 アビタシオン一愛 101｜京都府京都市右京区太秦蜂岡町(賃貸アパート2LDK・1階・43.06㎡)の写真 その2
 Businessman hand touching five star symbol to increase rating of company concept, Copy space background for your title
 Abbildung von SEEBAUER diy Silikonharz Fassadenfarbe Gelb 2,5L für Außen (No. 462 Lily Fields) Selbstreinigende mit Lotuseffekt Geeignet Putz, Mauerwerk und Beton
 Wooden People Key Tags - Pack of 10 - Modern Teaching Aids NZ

==

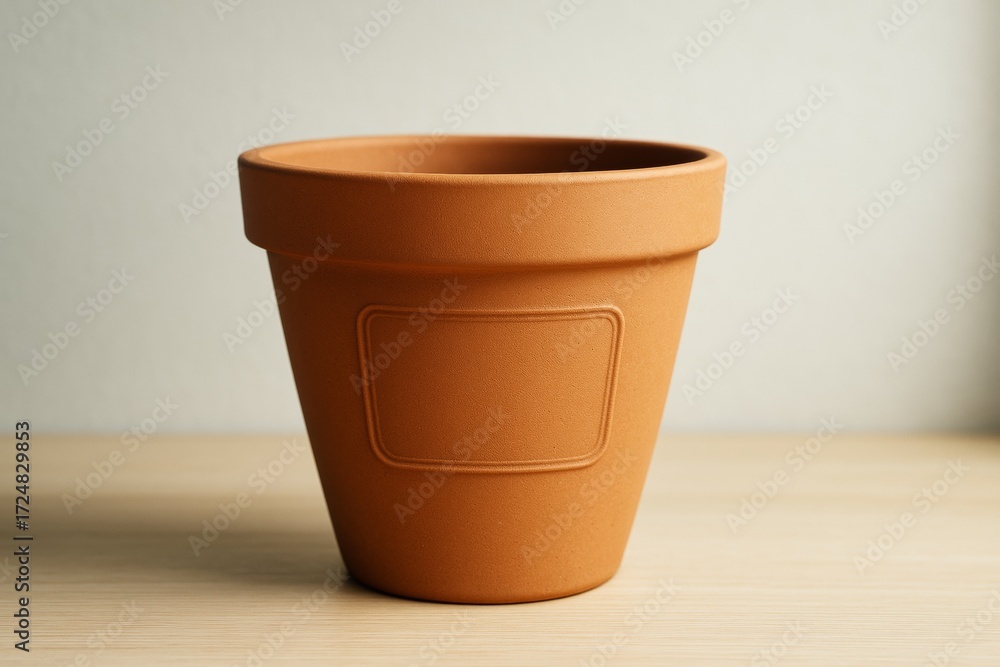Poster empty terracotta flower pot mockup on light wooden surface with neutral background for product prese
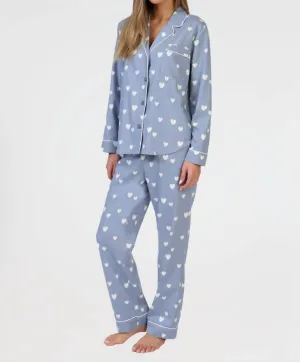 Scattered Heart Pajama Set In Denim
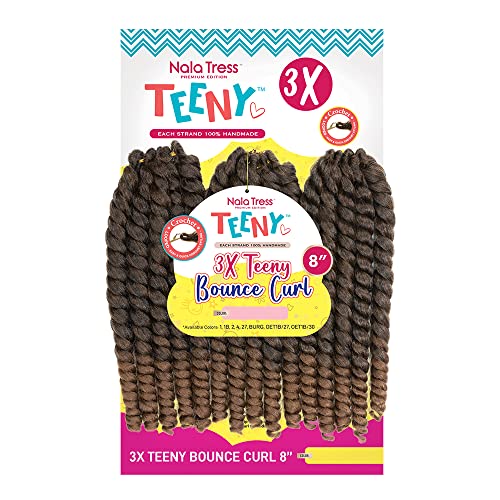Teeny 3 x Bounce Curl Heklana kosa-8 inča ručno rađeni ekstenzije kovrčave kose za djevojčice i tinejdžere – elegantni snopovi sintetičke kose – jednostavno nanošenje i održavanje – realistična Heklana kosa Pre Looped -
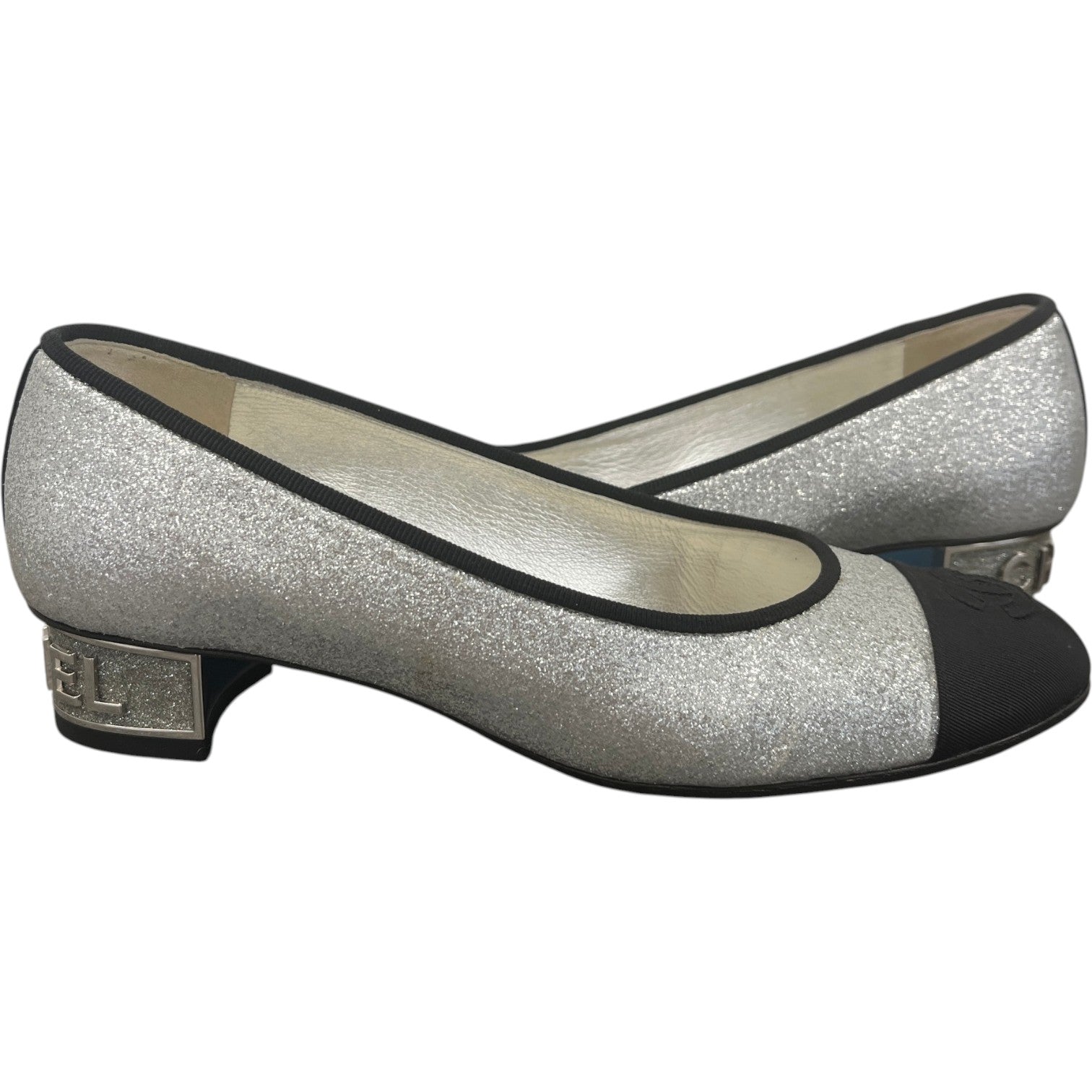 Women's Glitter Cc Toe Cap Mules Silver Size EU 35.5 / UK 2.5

--

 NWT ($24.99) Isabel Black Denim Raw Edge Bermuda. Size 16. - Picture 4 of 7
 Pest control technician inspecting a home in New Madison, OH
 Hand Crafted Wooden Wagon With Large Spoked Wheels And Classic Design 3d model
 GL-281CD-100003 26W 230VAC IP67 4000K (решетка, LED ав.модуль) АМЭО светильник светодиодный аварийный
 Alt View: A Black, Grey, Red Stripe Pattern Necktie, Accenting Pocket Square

__WHAT THE EXERCISE ASKS__: From the records above, return exactly the lines running from the one that contains "Poster empty terracotta" down to the one that contains "Women's Glitter Cc", both included, without any pictures.

__WRITTEN ANSWER__:
Poster empty terracotta flower pot mockup on light wooden surface with neutral background for product prese
 Scattered Heart Pajama Set In Denim
Teeny 3 x Bounce Curl Heklana kosa-8 inča ručno rađeni ekstenzije kovrčave kose za djevojčice i tinejdžere – elegantni snopovi sintetičke kose – jednostavno nanošenje i održavanje – realistična Heklana kosa Pre Looped -
 Women's Glitter Cc Toe Cap Mules Silver Size EU 35.5 / UK 2.5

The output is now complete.